(Prompt): The listing is to be printed word for word, pictures omitted.

____________

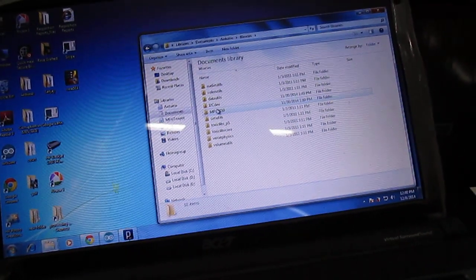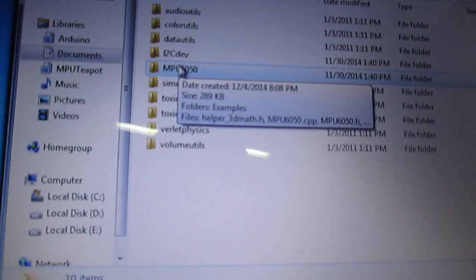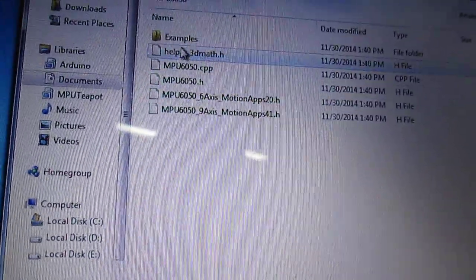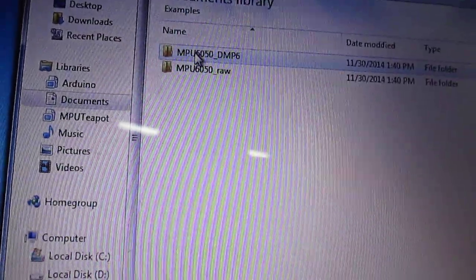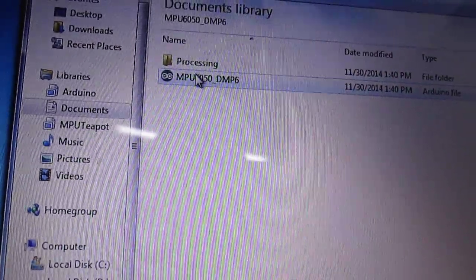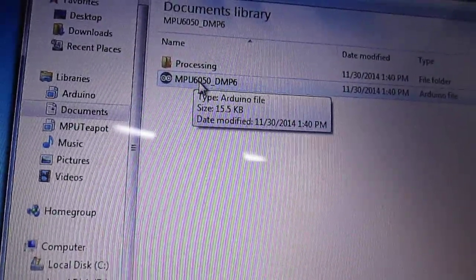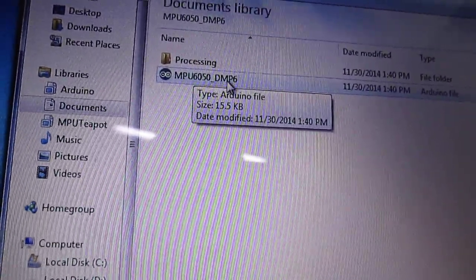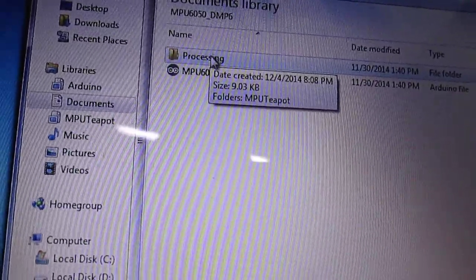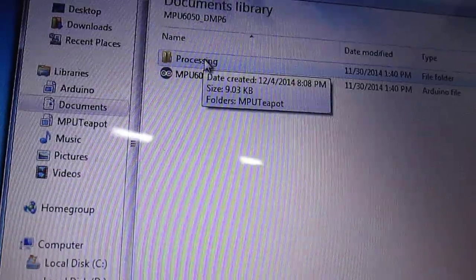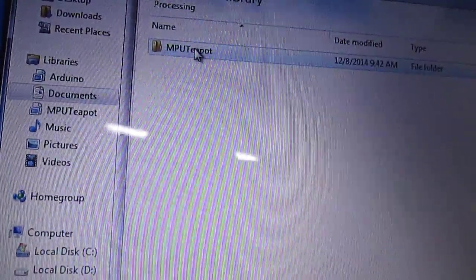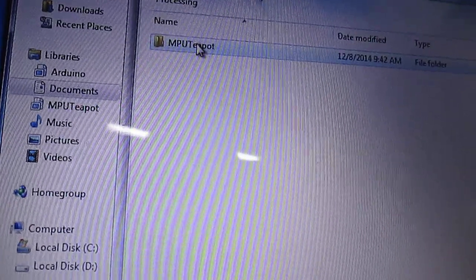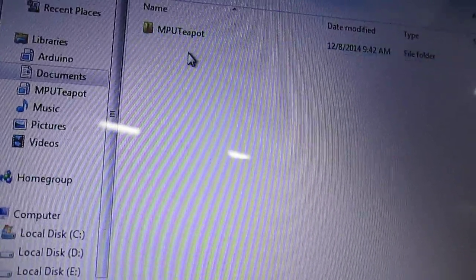Now you open MPU6050. You have Examples, and you have the MPU DMP, MPU6050 Data Motion Processing. Once you install the Processing files and extract, you will also get a folder called Processing, and in Processing you will have the folder called MPU Teapot.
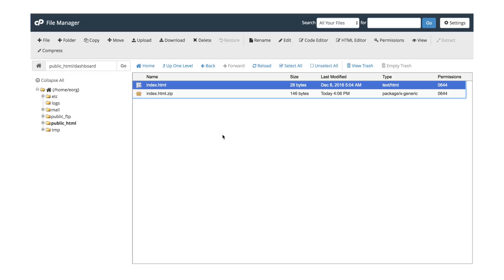Congratulations, you've now successfully uploaded your own HTML file using cPanel. You'll now be able to access your client dashboard by going to yourdomain.com/dashboard. Thank you.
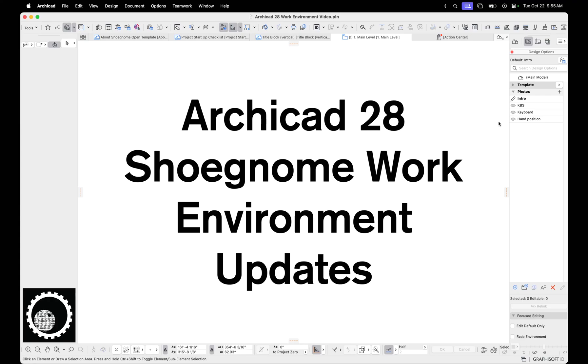Hi, this is Jared, and today I want to go over my Archicad 28 work environment updates.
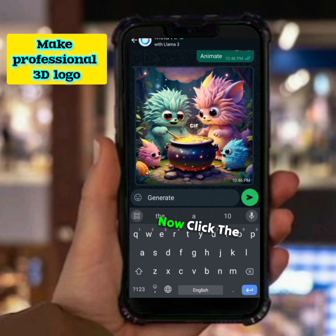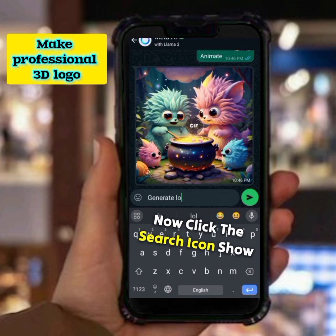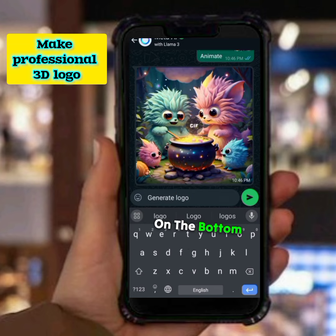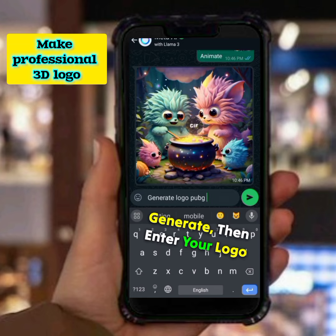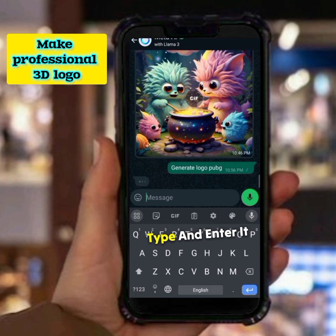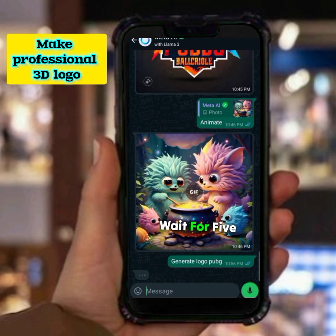Now click the search icon shown on the bottom. First type 'generate', then enter your logo type and press enter. Wait for 5 seconds.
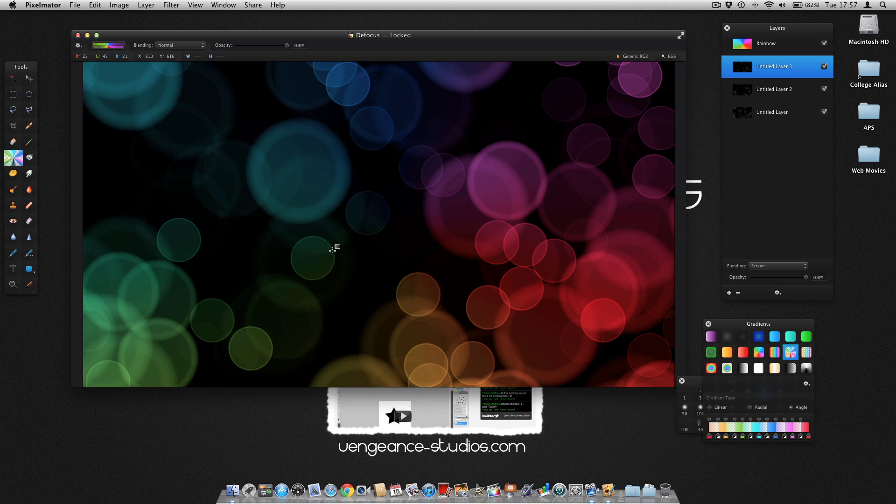Okay guys, thanks for watching. That was tips on how to create bubbles and a defocus effect.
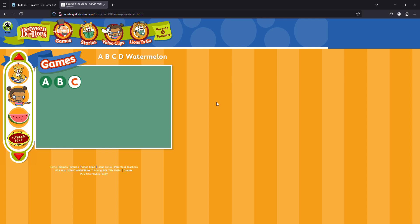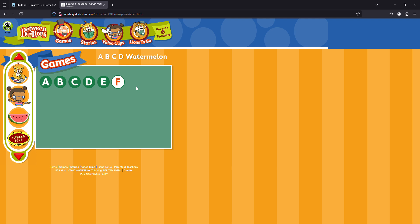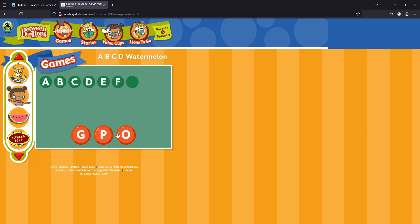A, B, C, D, E, F... Bumblebee. Hold on. That's not right. What letter comes after F? G? That's right.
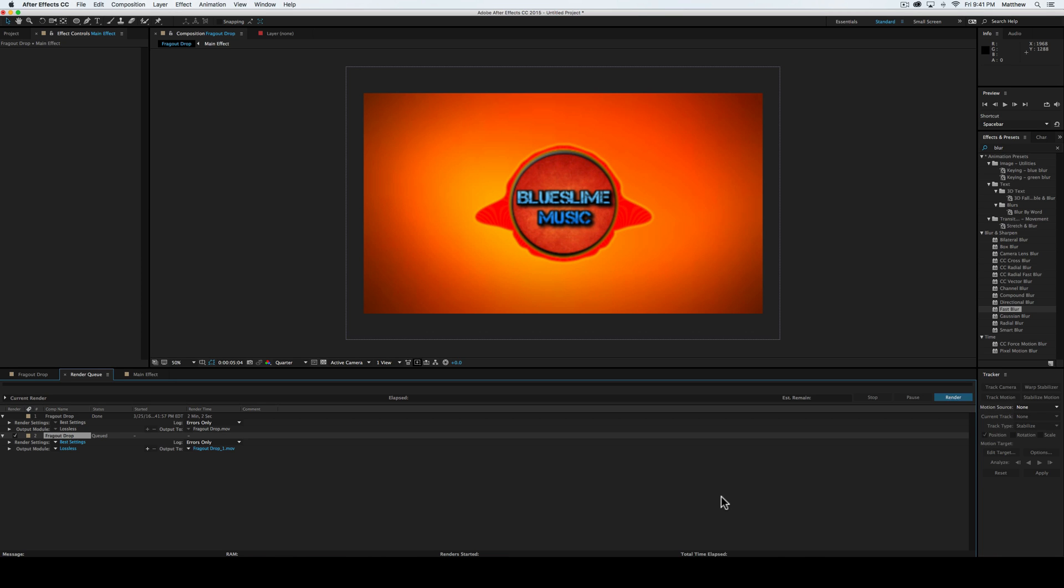And maybe you guys will be able to use it sometime in one of your guys' videos. But anyway, I'm going to end this here. And maybe I'll show you guys a little bit more where you can do with After Effects later. But anyway, thank you guys so much for watching. See you guys in another After Effects episode if I make one. Bye.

____________

(Task solution):
Now you open MPU6050. You have Examples, and you have the MPU DMP, MPU6050 Data Motion Processing. Once you install the Processing files and extract, you will also get a folder called Processing, and in Processing you will have the folder called MPU Teapot.
Congratulations, you've now successfully uploaded your own HTML file using cPanel. You'll now be able to access your client dashboard by going to yourdomain.com/dashboard. Thank you.
Hi, this is Jared, and today I want to go over my Archicad 28 work environment updates.
Now click the search icon shown on the bottom. First type 'generate', then enter your logo type and press enter. Wait for 5 seconds.
Okay guys, thanks for watching. That was tips on how to create bubbles and a defocus effect.
A, B, C, D, E, F... Bumblebee. Hold on. That's not right. What letter comes after F? G? That's right.
And maybe you guys will be able to use it sometime in one of your guys' videos. But anyway, I'm going to end this here. And maybe I'll show you guys a little bit more where you can do with After Effects later. But anyway, thank you guys so much for watching. See you guys in another After Effects episode if I make one. Bye.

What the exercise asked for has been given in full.